[Records from a data source]
|---|

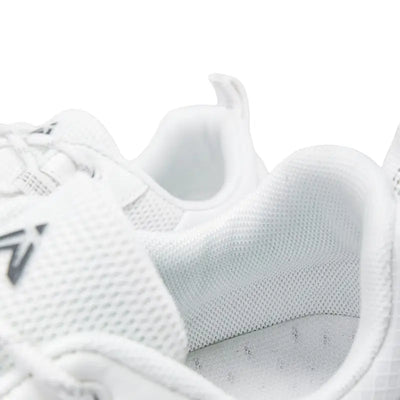 Chaussure de marche résistante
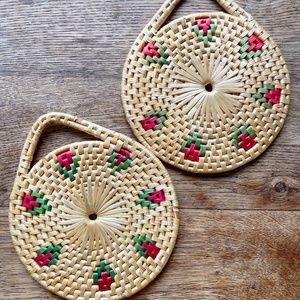 Set - 2 vintage trivets raffia straw hot pad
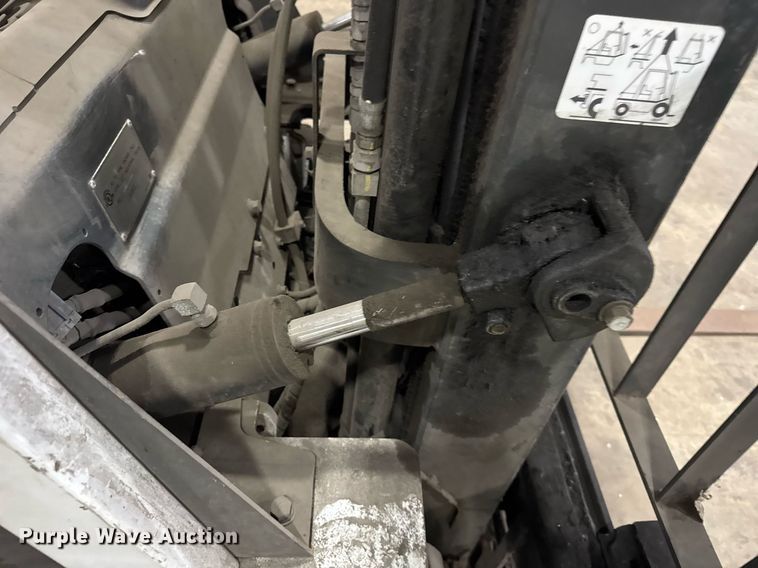 image for item DH9986 2015 UniCarriers PF50 forklift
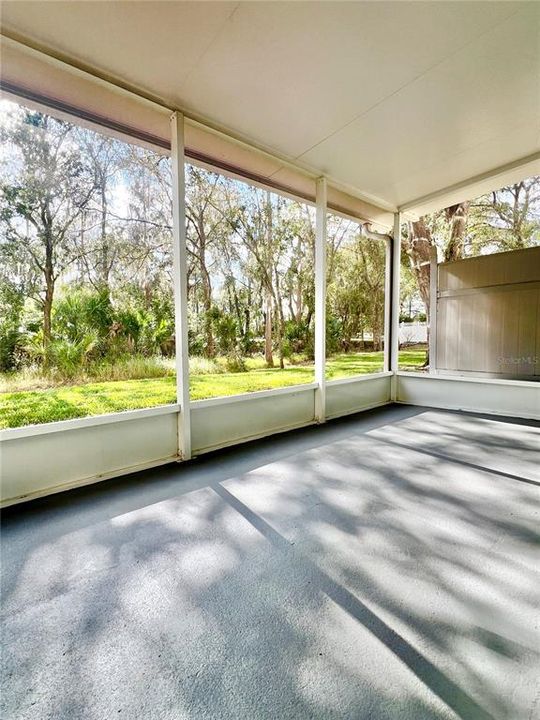 На продажу: $299,999 (3 спален, 2 ванн, 1842 Квадратных фут)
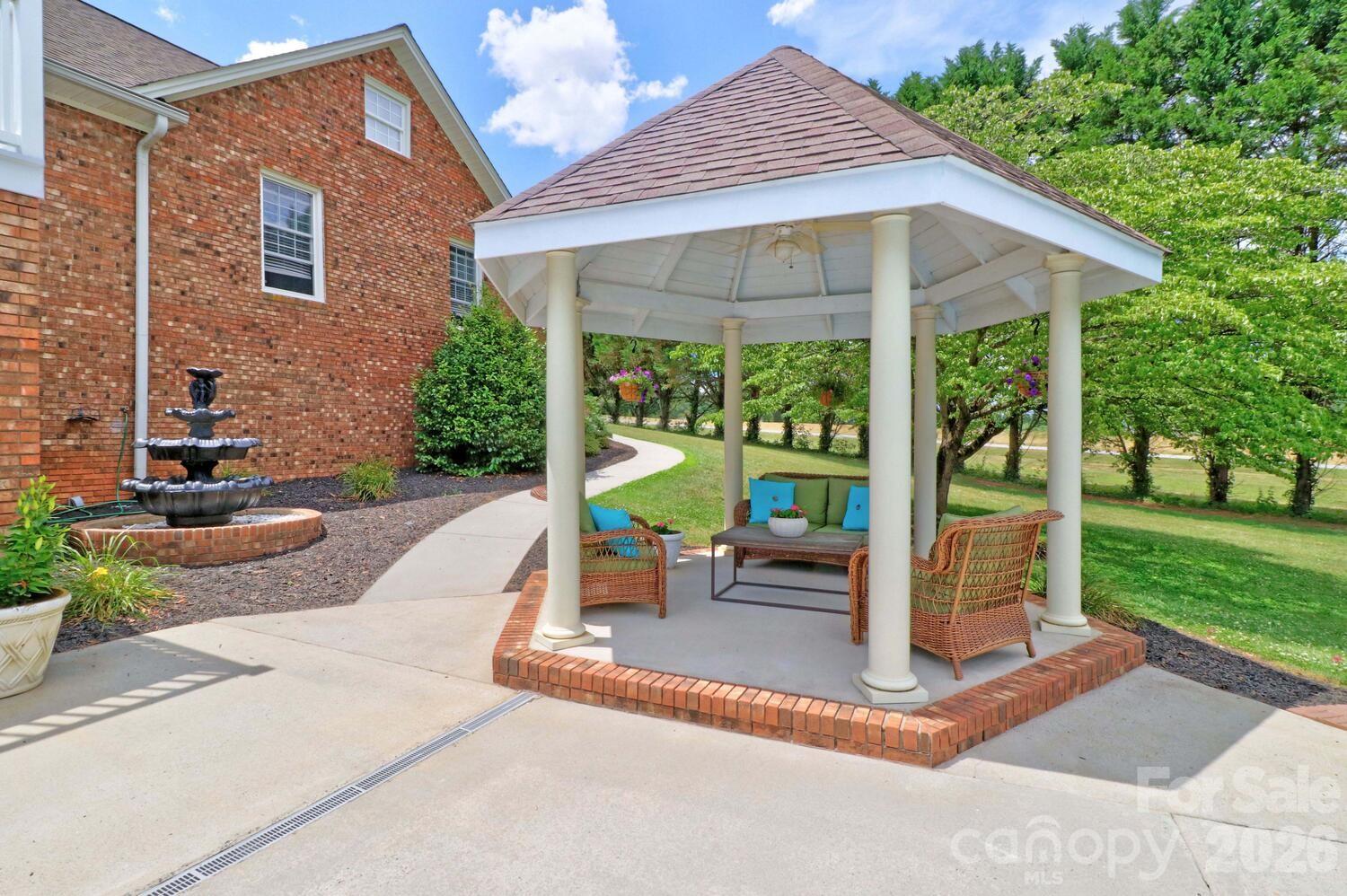 4723 Old Mountain Road — Stony Point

|---|

## WORK REQUIRED
When an image appears in the data, skip it and output the rest exactly.

## RESULT
 Chaussure de marche résistante
 Set - 2 vintage trivets raffia straw hot pad
 image for item DH9986 2015 UniCarriers PF50 forklift
 На продажу: $299,999 (3 спален, 2 ванн, 1842 Квадратных фут)
 4723 Old Mountain Road — Stony Point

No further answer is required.